Similarly, in her work, time, a feature as implicit as death, collides within a single frame in various ways, especially how figures seem always suspended in contexts that can’t be represented through the white background. Growing up in a country of settler colonialism, another important issue for Mutu is the relationship between black women and the land and nature. “Land is life in Kikuyu culture,” she says. “That meeting of those 15 European countries was the beginning of the death of our people. So we had to get our land back.”
Myths, nature and ecology
Unlike in her earlier pieces, her recent work is infused with the body, myths, nature and ecology. At first glance this correlation between the black female body and nature seems to reinforce the stereotypical pairing of woman as part of the ecosystem in more derived ways. “I don’t think my obsession with ecology is separate from my obsession with the body. I correlate them because this is how I see them.”
But for Mutu this is not a question of whether the woman is, in the larger scheme of things, an extension of nature. As much as she cannot ignore these easily reproduced clichés of “putting women close to the earth”, she claims she cannot ignore how “women engage with nature in order to supply life to their families”. This fact, she reckons, must not be dismissed. From talking about the Berlin Conference, the Mau Mau, Frantz Fanon and ecology, Mutu always goes back to the woman question, the body. But, most importantly, she states that her work reflects her own experiences as a black woman and of those she relates to.
“Making this work, I guess I am trying to unearth myself.

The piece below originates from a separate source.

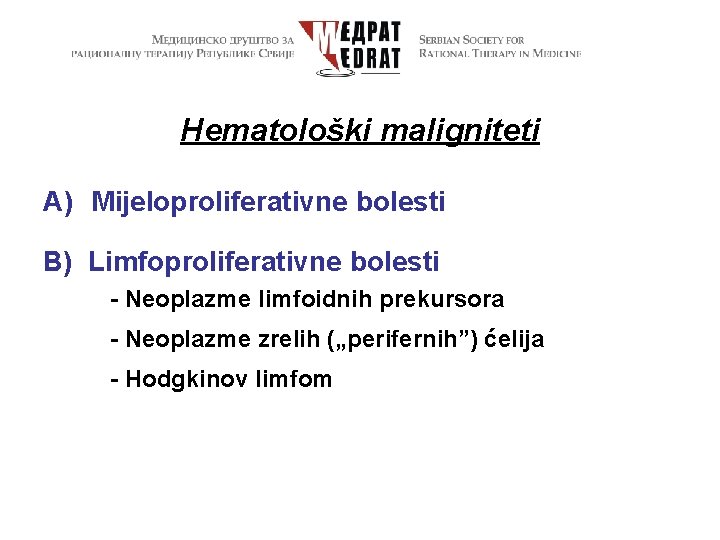 Hematološki maligniteti A) Mijeloproliferativne bolesti B) Limfoproliferativne bolesti - Neoplazme limfoidnih prekursora - Neoplazme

I am trying to dig myself out of the possible grave we were put in and every single thing we were told needs to be put into question.” This emerging from the grave – from death rather than grotesque – is the struggle that resides in the deepest of places in Mutu’s work. Unlike birth, emerging from civil death or speaking from the position that is always muted, provides an alternative way of thinking of Mutu’s oeuvre. And I suppose to work from, confront and stand against one’s own death, as Fanon would say, makes one a revolutionary and it certainly challenges our own illusions about ourselves.
Perhaps from this perspective, we might argue that Mutu’s work looks beyond the issues of representation and identity important to post-colonial thinking towards a more resolute critique of how colonisation, systemically and systematically, reproduces itself in daily lives of black female bodies.